* **WHAT THE EXERCISE ASKS**: Print out the entries from the line containing "A spacious living" through the last line, exactly, and print nothing else. Pictures are not copied.

[Short web captions]

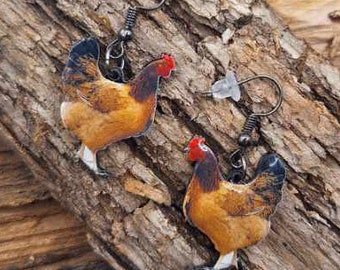 May include: A pair of dangle earrings featuring a brown and black chicken design with a red comb. The earrings are made of metal and have a hook closure.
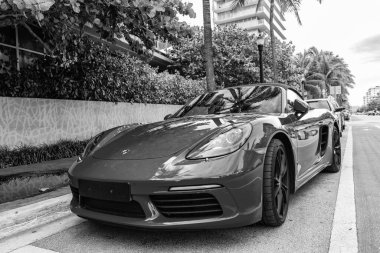 Miami Beach, Florida USA - 9 Haziran 2024: 2018 Porsche 718 Boxter 's orange color at Miami Beach. Ocean 'daki lüks araba porshche' si Miami plajına gidiyor. ön görünüm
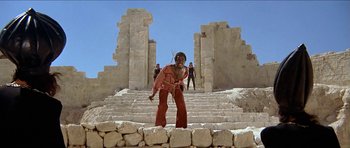 Movie still from “Jesus Christ Superstar” (1973), directed by Norman Jewison – A woman standing on a set of stairs; Wide shot, Low angle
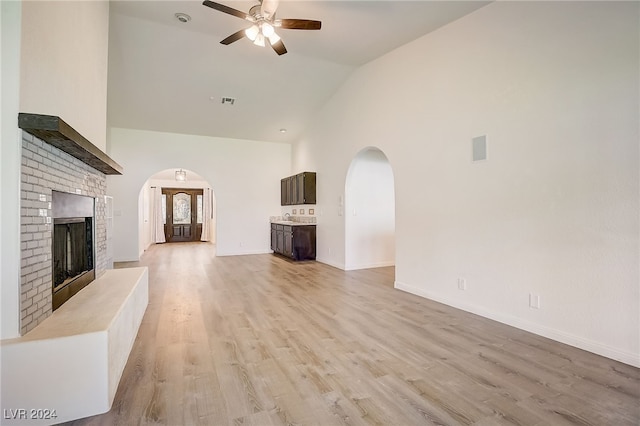 unfurnished living room with ceiling fan, high vaulted ceiling, light hardwood / wood-style floors, and a brick fireplace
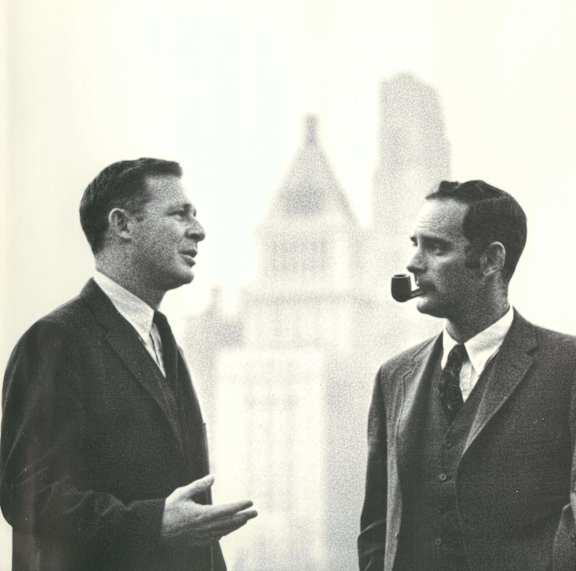 three men in suits standing in front of a city skyline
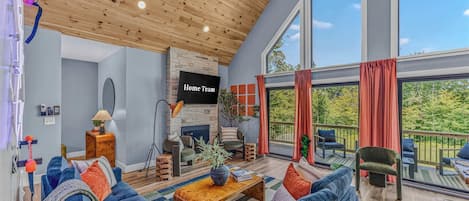 A spacious living room with a large sofa set, a fireplace, and a view of the outdoors through large windows.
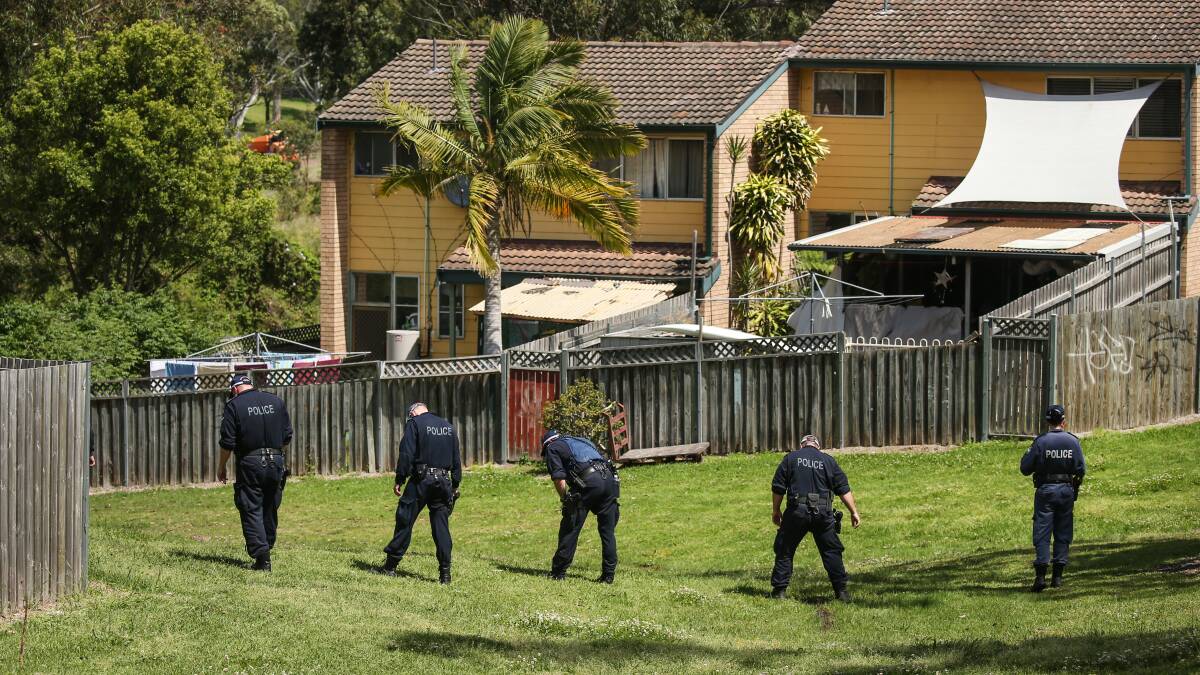 Police search the reserve at Windale on Thursday: Picture: Marina Neil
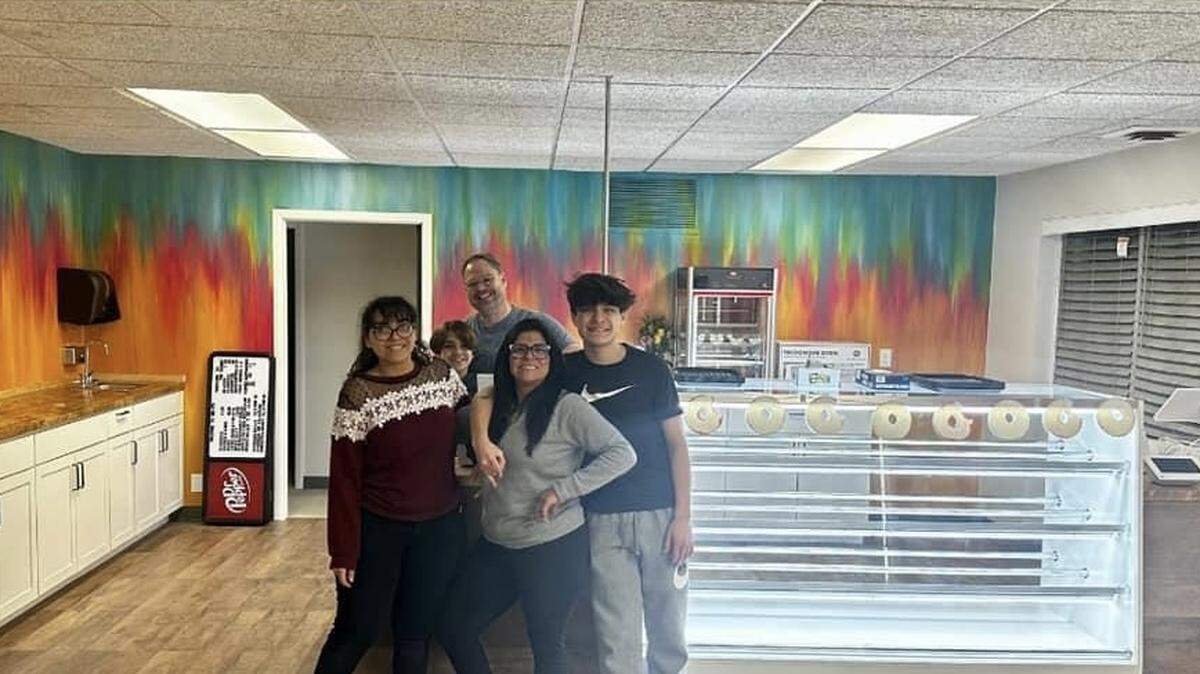 Liz and Jamey Blubaugh, pictured front and back, and their children, from left, Talia, Connley and Jake, are all working at their new Mr. Bs Daylight Donuts in Goddard.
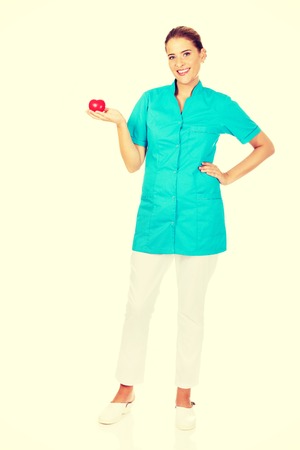 Young female doctor or nurse holding heart toy.の写真素材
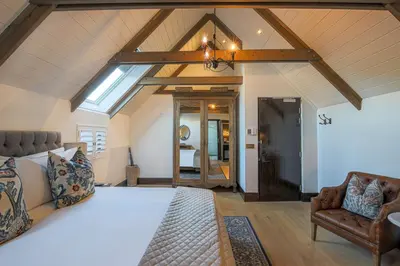 a bedroom with a large bed and a chair at Southern Sun de Wagen in Stellenbosch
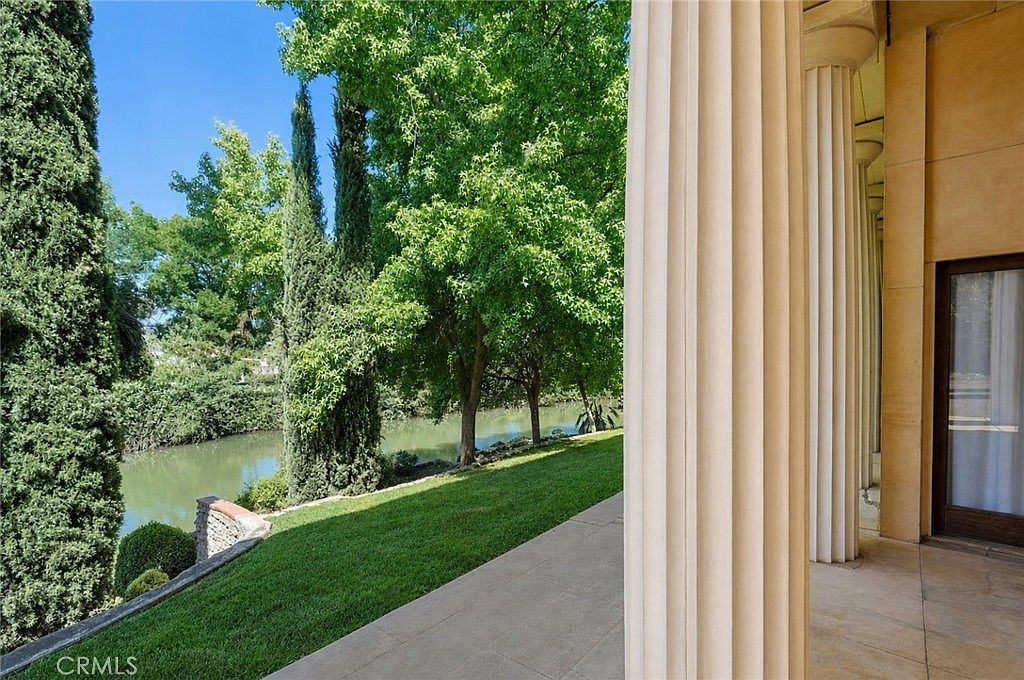 Patio overlooking Bear Creek with classical columns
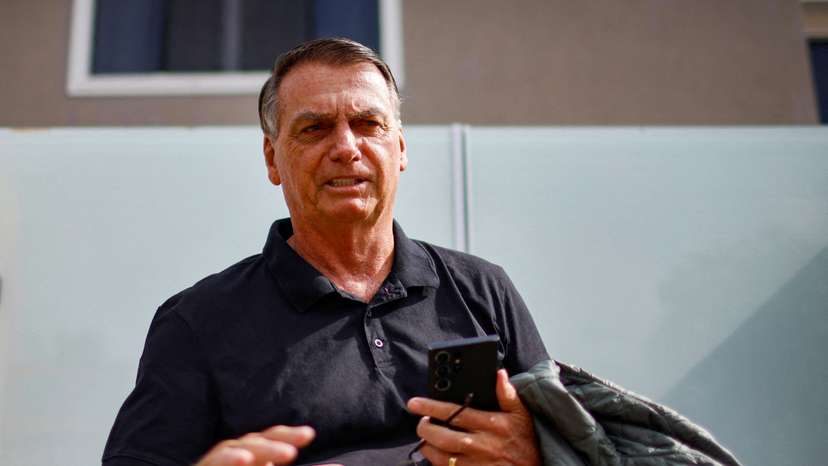 FILE PHOTO: Former Brazilian President Jair Bolsonaro gestures while standing in front of his house before testifying to the Federal Police in Brasilia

* **OUTPUT FOR THIS EXERCISE**:
 A spacious living room with a large sofa set, a fireplace, and a view of the outdoors through large windows.
 Police search the reserve at Windale on Thursday: Picture: Marina Neil
 Liz and Jamey Blubaugh, pictured front and back, and their children, from left, Talia, Connley and Jake, are all working at their new Mr. Bs Daylight Donuts in Goddard.
 Young female doctor or nurse holding heart toy.の写真素材
 a bedroom with a large bed and a chair at Southern Sun de Wagen in Stellenbosch
 Patio overlooking Bear Creek with classical columns
 FILE PHOTO: Former Brazilian President Jair Bolsonaro gestures while standing in front of his house before testifying to the Federal Police in Brasilia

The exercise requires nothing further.